**What is needed:** Only the lines below from the one containing "Floor plan for" through the last line should be set down, exactly as written and with no pictures.

[Dataset entries]
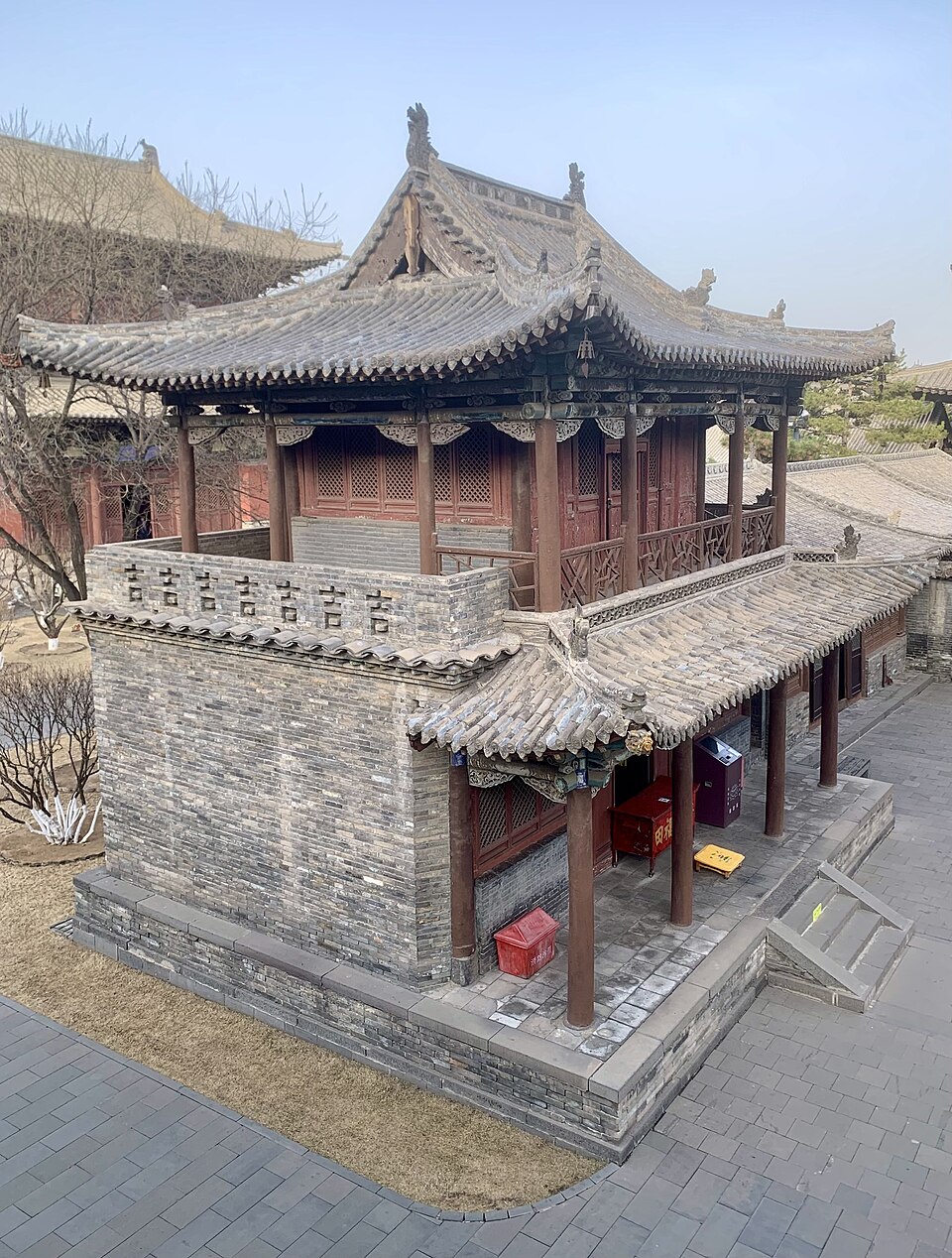 华严寺 Huayan Temple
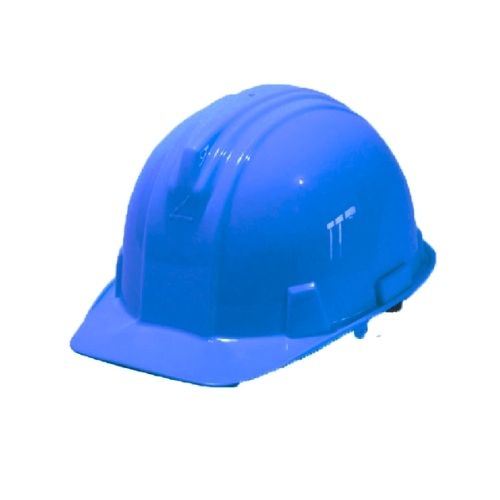 Casco De Seguridad Búnker Armadura Rachet Ref A-1300 Azul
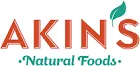 Logo de Akin's Natural Foods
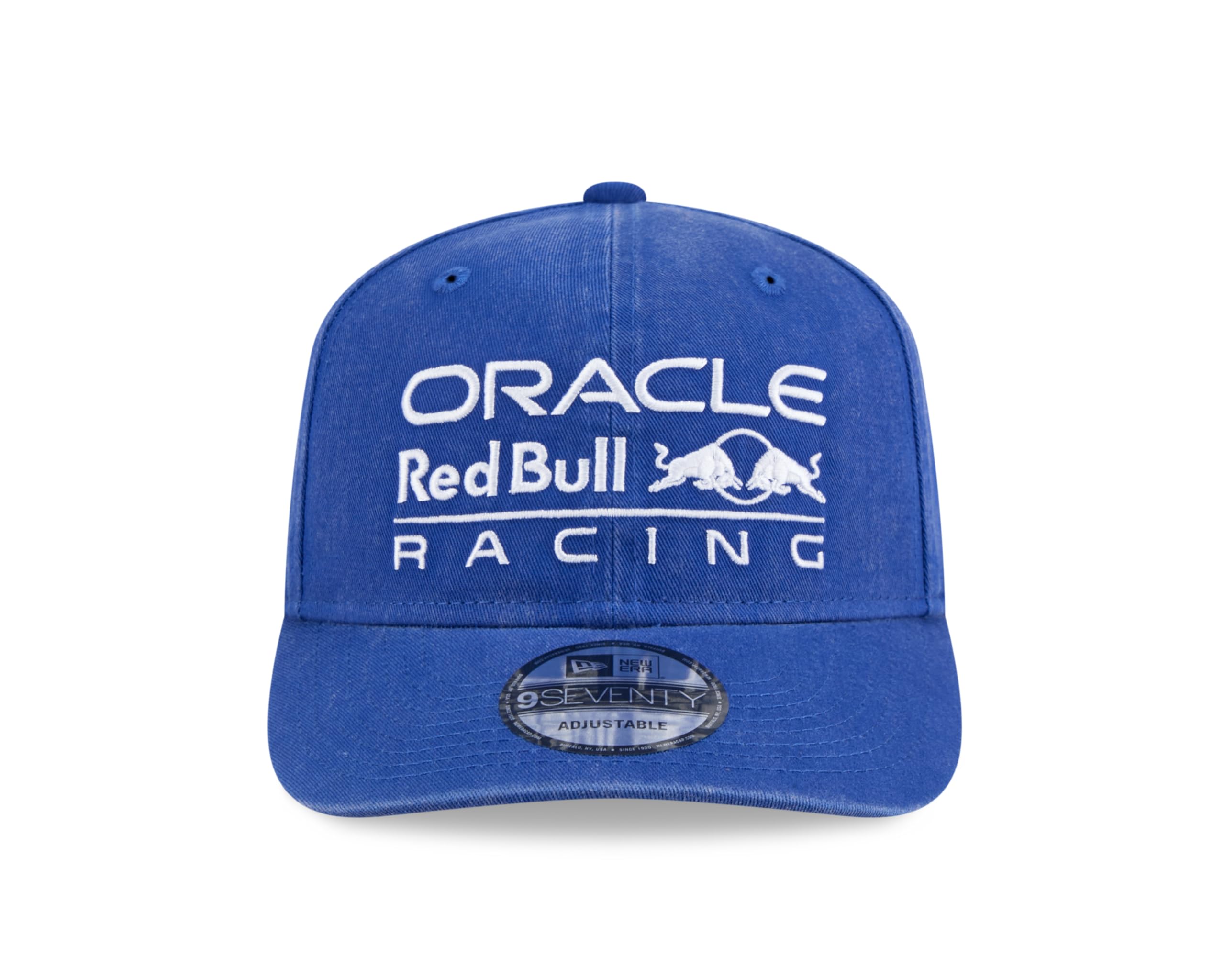 New Era Red Bull Racing F1 Team Offizielle 2025 Merchandise Brasilien GP Special Edition Team Baseball Cap Blau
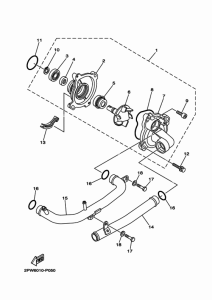 XP500A ウオ-タポンプ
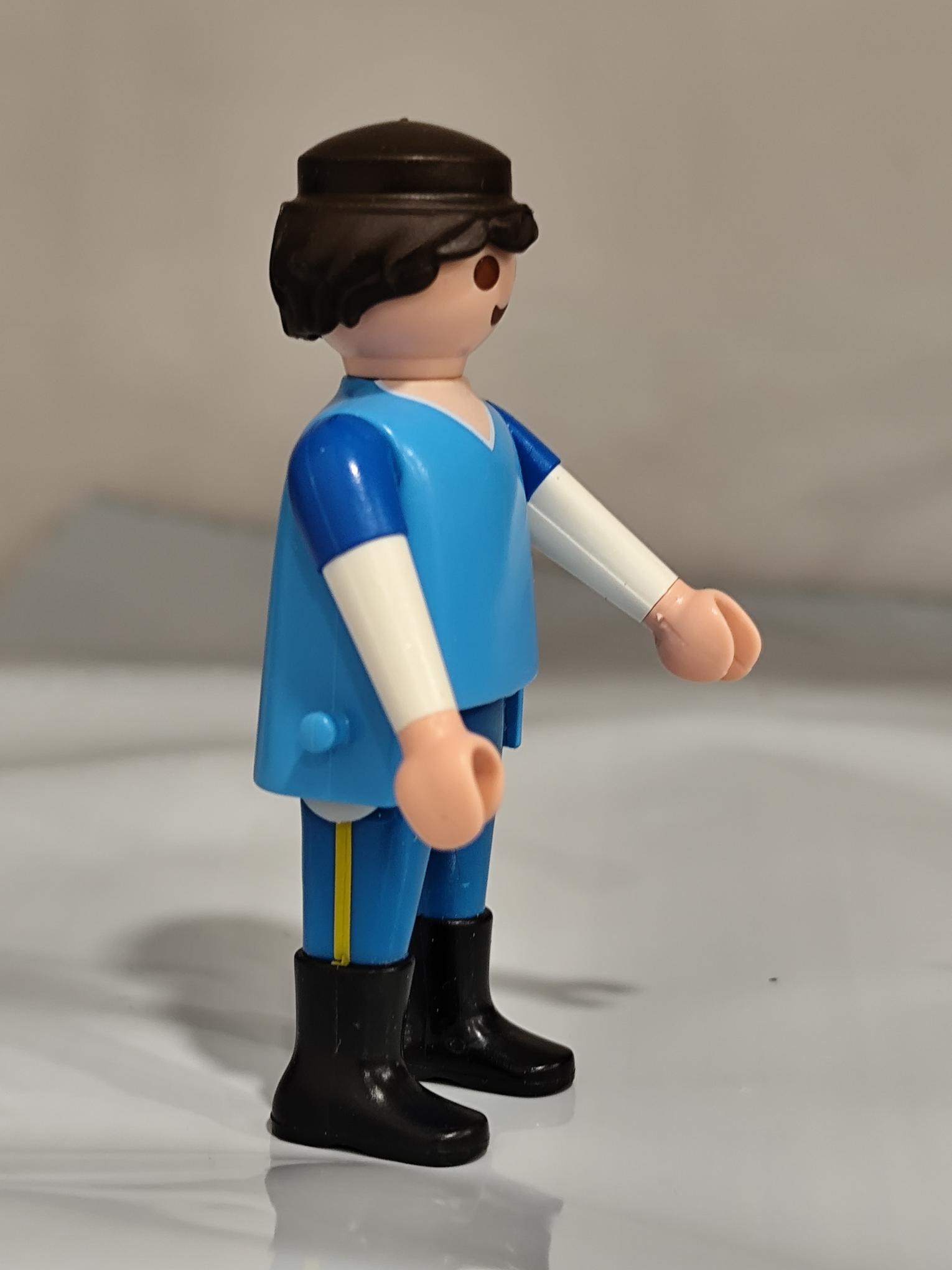 PLAYMOBIL FIGURA CITY PANTALON SOLDADO DE LA UNION , NORDISTA - 13/8/15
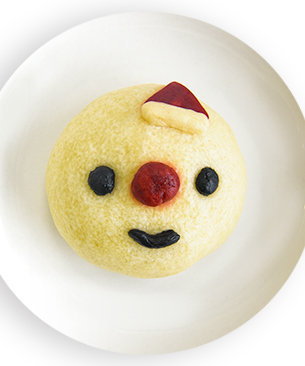 POCHI【季節限定品】チキンたっぷりスノーまん◆クール便(冷凍)◆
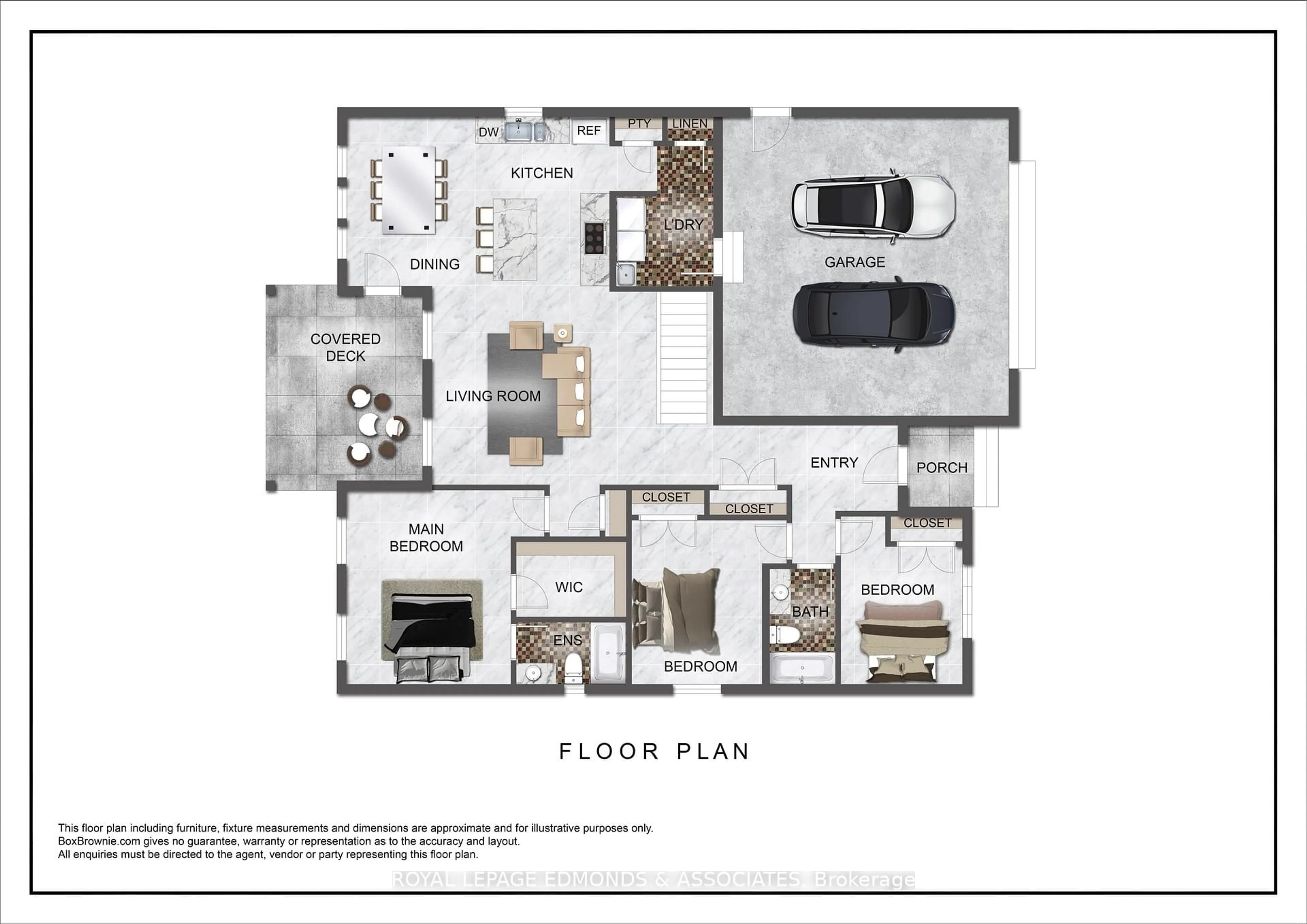Floor plan for 26 Bamagillia St, Cobden Ontario K0J 1K0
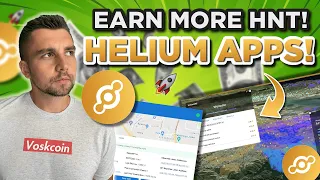 How to earn MORE MONEY Mining Helium Crypto with these apps!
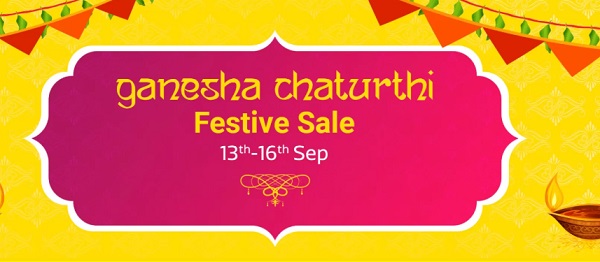 India Desire : Flipkart Ganesh Chaturthi Sale [13th-16th Sep]: Great Discount On Electronics Products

**Reply:**
Floor plan for 26 Bamagillia St, Cobden Ontario K0J 1K0
 How to earn MORE MONEY Mining Helium Crypto with these apps!
 India Desire : Flipkart Ganesh Chaturthi Sale [13th-16th Sep]: Great Discount On Electronics Products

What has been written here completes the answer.